リモコンを使ってNebula Vega Portableで投写した画面を見ながらアプリを操作するのもいいが、スマートフォンの方がやはりコンテンツの検索性は高い。手元のスマートフォンで見つけたコンテンツを気軽にキャストして楽しむ、というスタイルも個人的にはおすすめしたい。
というわけで、寝室の天井に向けて投写してみたところ、165cmの焦点距離で投影サイズは56型相当となった。この距離とサイズであれば、照明をやや暗めにした状態でも十分に視認が可能な輝度となる。画面サイズとしても大きすぎず、小さすぎず、いい感じだ。
天井に投写し、完全に寝転びながら視聴できるのは、極楽以外の何ものでもない。壁に投写した場合、枕を高くして身体を起こさなければならず、それなりに首筋や腹筋に負荷を与えてしまう。しかし天井投写であれば、横になって真っ直ぐ天井を見るだけなので、全身脱力しながらの視聴という、まさにリラックスタイムの極致を味わえるのだ。寝落ち待ったなし!
なお、天井へ投写する場合、設置台などを使ってある程度調整できるにしても、焦点距離を大きく変えることができないため、投影サイズと明るさはほぼ固定となってしまうことには注意したい。popIn Aladdin 2に比べ、同じ焦点距離でも投影サイズが小さく、天井高によっては満足いく視認性が得られない可能性もある。
また、設置場所が床か台の上ということになるため、壁・天井とNebula Vega Portableの間を人が遮って影を作りやすいという通常のプロジェクターの弱点は避けようがない。コンパクトで、しかも内蔵バッテリーでの駆動が可能ということもあって移動はしやすいが、設置場所に気を使わなければならないことは確かだ。

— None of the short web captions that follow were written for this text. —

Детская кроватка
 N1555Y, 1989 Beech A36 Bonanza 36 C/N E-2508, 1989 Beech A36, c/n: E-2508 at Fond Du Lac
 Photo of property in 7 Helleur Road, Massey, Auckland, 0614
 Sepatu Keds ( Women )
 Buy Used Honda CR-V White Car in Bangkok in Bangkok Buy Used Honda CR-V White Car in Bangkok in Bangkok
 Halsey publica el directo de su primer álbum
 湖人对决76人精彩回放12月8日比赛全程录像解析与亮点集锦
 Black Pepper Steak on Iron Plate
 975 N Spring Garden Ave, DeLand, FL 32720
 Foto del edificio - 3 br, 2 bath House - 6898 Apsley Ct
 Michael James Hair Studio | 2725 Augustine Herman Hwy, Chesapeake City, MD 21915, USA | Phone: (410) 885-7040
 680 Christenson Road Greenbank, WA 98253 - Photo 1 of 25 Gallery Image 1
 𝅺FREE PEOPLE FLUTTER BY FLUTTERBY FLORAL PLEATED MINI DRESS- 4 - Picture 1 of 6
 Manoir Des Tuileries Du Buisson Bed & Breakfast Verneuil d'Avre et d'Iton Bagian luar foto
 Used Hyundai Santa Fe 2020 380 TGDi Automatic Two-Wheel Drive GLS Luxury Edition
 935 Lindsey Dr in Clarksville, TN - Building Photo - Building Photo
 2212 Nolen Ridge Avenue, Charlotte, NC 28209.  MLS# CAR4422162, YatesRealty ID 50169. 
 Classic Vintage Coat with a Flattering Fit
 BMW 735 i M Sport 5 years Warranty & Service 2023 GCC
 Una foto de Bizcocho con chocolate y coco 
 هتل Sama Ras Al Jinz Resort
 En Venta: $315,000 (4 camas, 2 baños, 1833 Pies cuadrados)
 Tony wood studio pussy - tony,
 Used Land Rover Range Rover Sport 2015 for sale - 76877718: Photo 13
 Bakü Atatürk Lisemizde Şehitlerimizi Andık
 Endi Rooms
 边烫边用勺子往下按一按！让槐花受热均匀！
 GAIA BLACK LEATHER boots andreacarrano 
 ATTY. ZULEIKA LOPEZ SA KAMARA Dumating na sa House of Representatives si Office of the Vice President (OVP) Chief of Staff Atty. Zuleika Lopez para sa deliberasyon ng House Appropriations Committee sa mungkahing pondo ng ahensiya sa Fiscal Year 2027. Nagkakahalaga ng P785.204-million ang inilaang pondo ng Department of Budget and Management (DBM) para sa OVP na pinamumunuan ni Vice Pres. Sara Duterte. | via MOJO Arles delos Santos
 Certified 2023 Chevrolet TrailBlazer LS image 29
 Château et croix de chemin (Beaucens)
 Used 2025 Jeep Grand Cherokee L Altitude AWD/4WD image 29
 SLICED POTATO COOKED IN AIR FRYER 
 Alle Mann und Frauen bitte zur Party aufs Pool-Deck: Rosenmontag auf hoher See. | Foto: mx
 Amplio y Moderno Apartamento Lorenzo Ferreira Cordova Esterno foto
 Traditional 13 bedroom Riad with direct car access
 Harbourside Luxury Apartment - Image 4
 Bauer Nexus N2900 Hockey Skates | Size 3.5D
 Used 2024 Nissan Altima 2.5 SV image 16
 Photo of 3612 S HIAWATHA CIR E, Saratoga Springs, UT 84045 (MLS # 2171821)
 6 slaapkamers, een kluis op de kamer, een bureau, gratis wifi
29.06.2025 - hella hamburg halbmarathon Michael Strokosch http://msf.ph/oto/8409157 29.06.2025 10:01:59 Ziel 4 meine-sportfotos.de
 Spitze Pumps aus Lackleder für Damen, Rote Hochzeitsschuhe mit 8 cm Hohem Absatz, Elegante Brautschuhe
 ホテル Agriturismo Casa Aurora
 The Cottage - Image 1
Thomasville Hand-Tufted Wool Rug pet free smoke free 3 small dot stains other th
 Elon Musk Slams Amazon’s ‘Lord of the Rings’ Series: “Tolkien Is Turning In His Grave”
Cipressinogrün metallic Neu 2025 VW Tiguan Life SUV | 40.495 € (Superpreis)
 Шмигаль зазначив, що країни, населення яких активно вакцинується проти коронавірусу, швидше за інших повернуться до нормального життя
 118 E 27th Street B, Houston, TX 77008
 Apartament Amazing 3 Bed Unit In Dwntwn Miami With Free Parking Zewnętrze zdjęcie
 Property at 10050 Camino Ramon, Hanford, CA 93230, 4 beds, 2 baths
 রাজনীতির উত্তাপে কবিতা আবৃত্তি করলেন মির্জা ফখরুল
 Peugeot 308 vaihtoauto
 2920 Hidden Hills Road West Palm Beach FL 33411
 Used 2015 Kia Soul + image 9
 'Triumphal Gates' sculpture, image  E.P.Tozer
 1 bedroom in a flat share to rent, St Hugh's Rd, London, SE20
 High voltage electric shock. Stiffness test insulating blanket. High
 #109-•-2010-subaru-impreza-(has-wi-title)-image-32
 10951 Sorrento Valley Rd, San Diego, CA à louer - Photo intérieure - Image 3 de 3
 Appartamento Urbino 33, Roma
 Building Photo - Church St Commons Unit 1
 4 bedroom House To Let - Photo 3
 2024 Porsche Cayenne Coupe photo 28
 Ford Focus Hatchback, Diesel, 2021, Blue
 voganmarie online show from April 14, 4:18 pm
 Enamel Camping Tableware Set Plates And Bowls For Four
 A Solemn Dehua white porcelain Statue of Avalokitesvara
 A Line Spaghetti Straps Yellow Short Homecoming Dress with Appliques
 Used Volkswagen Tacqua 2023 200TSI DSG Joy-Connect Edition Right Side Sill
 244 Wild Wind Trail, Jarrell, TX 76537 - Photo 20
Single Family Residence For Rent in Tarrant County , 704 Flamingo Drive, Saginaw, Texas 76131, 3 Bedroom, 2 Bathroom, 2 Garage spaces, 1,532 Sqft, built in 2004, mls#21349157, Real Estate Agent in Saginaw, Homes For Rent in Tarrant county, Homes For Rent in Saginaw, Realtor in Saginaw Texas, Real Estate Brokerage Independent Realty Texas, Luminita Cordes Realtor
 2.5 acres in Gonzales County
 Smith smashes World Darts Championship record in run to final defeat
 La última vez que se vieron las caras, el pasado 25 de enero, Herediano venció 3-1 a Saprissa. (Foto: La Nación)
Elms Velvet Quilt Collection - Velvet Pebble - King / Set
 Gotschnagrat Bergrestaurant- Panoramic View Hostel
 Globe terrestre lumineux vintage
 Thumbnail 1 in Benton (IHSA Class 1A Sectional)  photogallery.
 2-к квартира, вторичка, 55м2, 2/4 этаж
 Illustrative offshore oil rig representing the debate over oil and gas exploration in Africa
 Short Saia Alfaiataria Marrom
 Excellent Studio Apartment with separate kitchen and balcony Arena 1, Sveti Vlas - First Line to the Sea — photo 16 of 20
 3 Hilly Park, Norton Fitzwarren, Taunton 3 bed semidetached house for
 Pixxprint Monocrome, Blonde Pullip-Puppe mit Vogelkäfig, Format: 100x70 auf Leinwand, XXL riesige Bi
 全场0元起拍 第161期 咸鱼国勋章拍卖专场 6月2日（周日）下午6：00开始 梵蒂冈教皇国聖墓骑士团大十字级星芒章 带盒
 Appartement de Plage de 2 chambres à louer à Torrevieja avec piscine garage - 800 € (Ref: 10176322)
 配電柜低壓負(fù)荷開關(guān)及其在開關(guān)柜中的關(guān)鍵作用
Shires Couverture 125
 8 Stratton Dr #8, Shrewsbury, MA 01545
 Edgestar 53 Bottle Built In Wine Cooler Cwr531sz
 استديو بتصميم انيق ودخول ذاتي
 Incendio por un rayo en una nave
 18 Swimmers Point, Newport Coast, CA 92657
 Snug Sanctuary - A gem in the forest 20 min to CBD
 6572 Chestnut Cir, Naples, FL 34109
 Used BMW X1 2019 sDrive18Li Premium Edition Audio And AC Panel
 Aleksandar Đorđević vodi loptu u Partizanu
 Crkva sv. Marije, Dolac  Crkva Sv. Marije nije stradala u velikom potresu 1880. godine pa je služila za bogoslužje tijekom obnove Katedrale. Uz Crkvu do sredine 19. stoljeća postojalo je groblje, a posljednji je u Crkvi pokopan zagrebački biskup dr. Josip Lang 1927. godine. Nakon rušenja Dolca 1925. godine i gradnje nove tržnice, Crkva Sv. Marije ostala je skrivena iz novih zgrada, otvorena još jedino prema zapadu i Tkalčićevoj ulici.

4W×2の内蔵スピーカーはリッチなサウンドを奏でるとは言いがたく、音質面では物足りなさを感じる人もいるかもしれない。頭の近くに本体を設置することになるため、ファンノイズも少し気になる。できればこちらもBluetoothスピーカーやヘッドフォンを連携させて使いたいところだ。
パターン3:汎用スタンドに固定したタブレットで見る
最後、3つ目のパターンは、タブレットをスタンドに固定して寝ながら見る、というもの。他のプロジェクターを使うパターンより、おそらくずっと低予算で実現できるスタイルだ。スタンドはECサイトで3,000円ほど。最近では2万円も出せば動画視聴に支障のないスペックのAndroid系タブレットが手に入る。
ただ、スタンドを選ぶにあたっては、タブレット本体の重量も考慮に入れて、安定して低い位置で下向き(仰向けで寝そべったときに眼前に来る位置)にセットできるかどうかをチェックしておきたい。自在に曲げられるフレキシブルアームだと調整幅が広くて好都合なように思うが、タブレットの重量に耐えられず、いくら調整しても位置が決まらない、というケースもあるので注意が必要だ。
今回選んだタブレットスタンドは台座が広く、その上から布団を被せることでより安定させられそうな構造。アームを折り曲げることでタブレットをかなり低い位置まで下げることができる。ポール部分が長いので、寝転がったときにちょうどいい位置までアームを下げるのは難しいかとも思ったが、問題なし。左右に重心がずれると転倒しやすいので、そこだけ気を付けながらセッティングしたい。
ちなみにポール部分は2分割でき、購入したECサイトの説明には「半分の高さでも利用できる」旨の記載もあったが、実際には構造上不可能だ。ポールをねじ込んで連結した状態で横から見ると若干くの字に曲がっており、加工精度もイマイチである。3,000円なので、こんなもんか、と割り切るしかない。
とまあ、わりとチープな「ごろ寝テレビ環境セット」ではあるものの、その快適度の高さはパターン2のNebula Vega Portableに匹敵する。Androidタブレットでも、iPadでも、torne mobileアプリが使えるし、当たり前だけれど画面を直接タッチして操作するので、プロジェクターのリモコンよりはるかに直感的な使い心地だ。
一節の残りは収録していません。